Required work:
Range to copy from the entries below: the line containing "Red currant Stock Photos" through the line containing "Pflanzen alant inula", inclusive. Retype only those lines, exactly, without any images.

Task material:
[Start of Attachment]

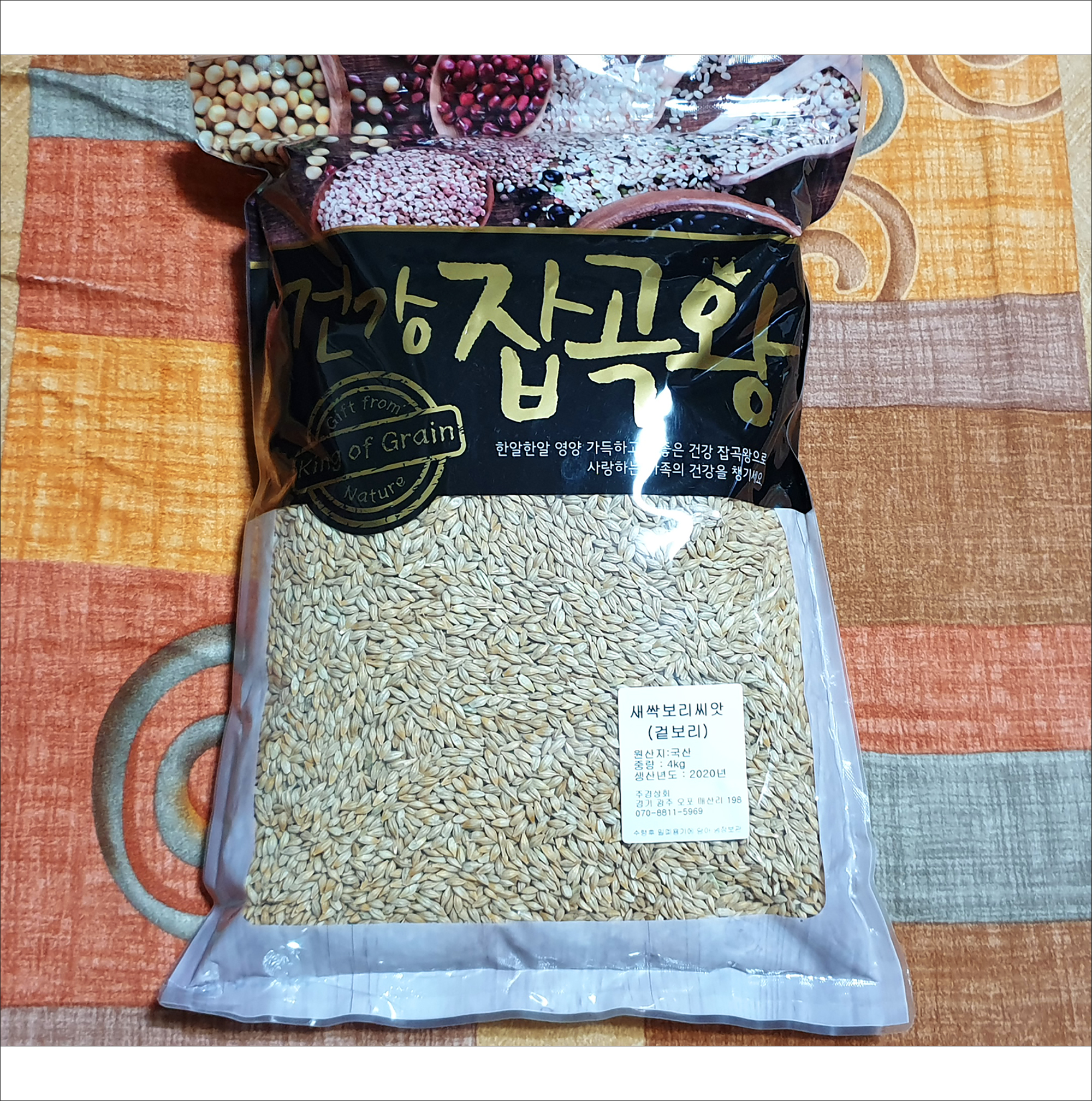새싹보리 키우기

[End of Attachment]
[Start of Attachment]

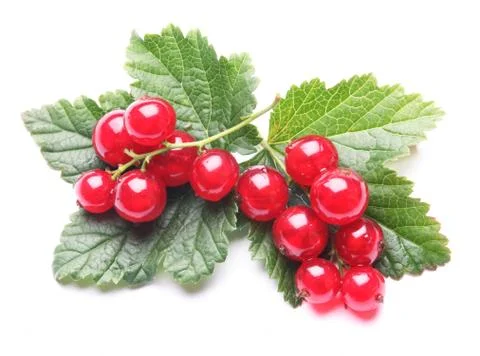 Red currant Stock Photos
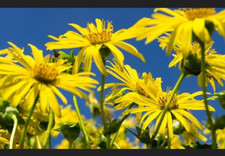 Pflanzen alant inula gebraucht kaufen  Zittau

[End of Attachment]

Task output:
 Red currant Stock Photos
 Pflanzen alant inula gebraucht kaufen  Zittau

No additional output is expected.